Team USA at this point may be more of an ideal than an identity. The aura remains, even as the faces change.
The days of cobbling together a random assortment of NBA players and expecting to dominate on the Olympic stage faded years ago. Gregg Popovich, the coach of the American team, said as much after the game, calling it a “little bit of hubris” for anyone to think the Americans could “roll out the ball and win.”
But, in some ways, that is what they still try to do.
Only two players who appeared on the United States’ 12-man roster at the world championships in 2019 are back for the Olympics: Khris Middleton and Jayson Tatum. For comparison’s sake, seven players are back for France, and Vincent Collet, the French coach, has been at the team’s helm since 2009.
“A lot of these teams have been planning for five, 10 years,” Draymond Green said, “and the consistency, the continuity that they have in their offense, the familiarity that they have among each other, that’s the one thing that we can never substitute for.”
For all their talent, the Americans do not have all of their best players, or the ones most experienced in international competition, here in Japan. Stars like LeBron James, Stephen Curry and James Harden, to name a few, stayed home. Imagine Cristiano Ronaldo sitting out a World Cup.
But priorities are different among the current crop of U.S. players, and the Olympics are not the World Cup — not to the Americans, at least.

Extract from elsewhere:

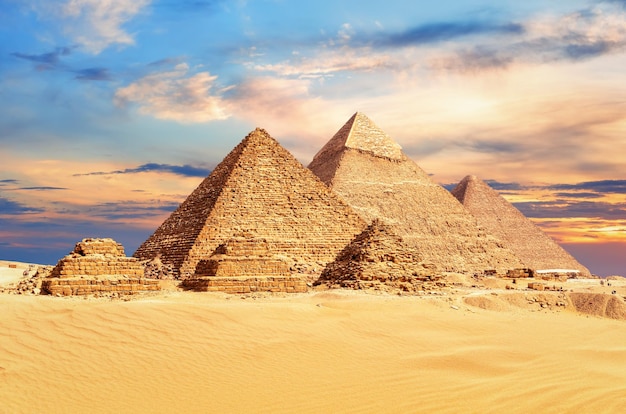 The Great Pyramids of Giza under a colorful desert sky Egypt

It was eye-opening, for instance, to hear Luka Doncic, the Dallas Mavericks’ star point guard, say before the tournament that he would rather win a gold medal with Slovenia than an NBA title.

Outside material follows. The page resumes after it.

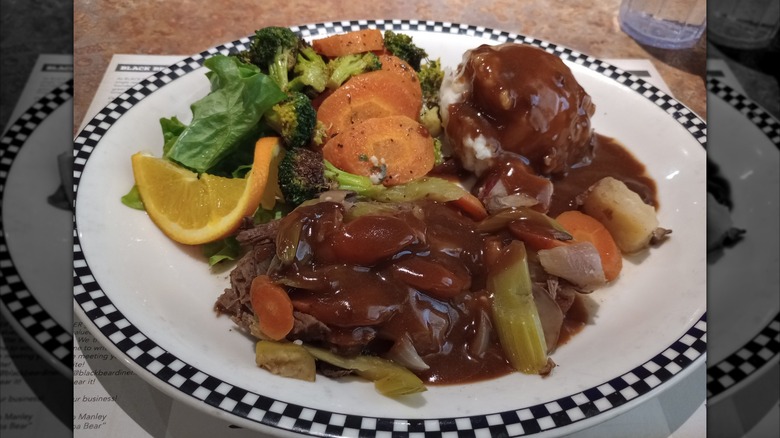 A plate of pot roast with vegetables at Black Bear Diner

Taken together, these are not ideal conditions for success. Rudy Gobert of France — and the Utah Jazz — sounded almost sympathetic after the game explaining all the little aspects of international play — the officiating, particularly — that Americans would find unfamiliar and discomfiting.
“I mean, there’s a lot of nuances,” Gobert said.
The United States will be OK for now. As Hamed Haddadi of Iran, the Americans’ opponent on Wednesday, helpfully pointed out, “They’re much, much, much better than us.”
But Sunday’s loss carried warning signs about the limits of raw ability.
Popovich, for example, was frustrated by what he called “dry possessions,” moments when the team’s offense looked lethargic and failed to score. France, in comparison, looked smooth, self-assured, self-aware.
As the game slipped from the Americans’ grasp, a group of volunteers in the arena, some of the only spectators on hand, became increasingly engaged with the action, turning to the court, crowding around television sets, inching closer with every errant shot, emitting little shouts of surprise with each mishap.
The buzzer sounded, and they laughed together in disbelief.
After all the growth in the game, after everything that has changed, it is still something to watch a giant fall.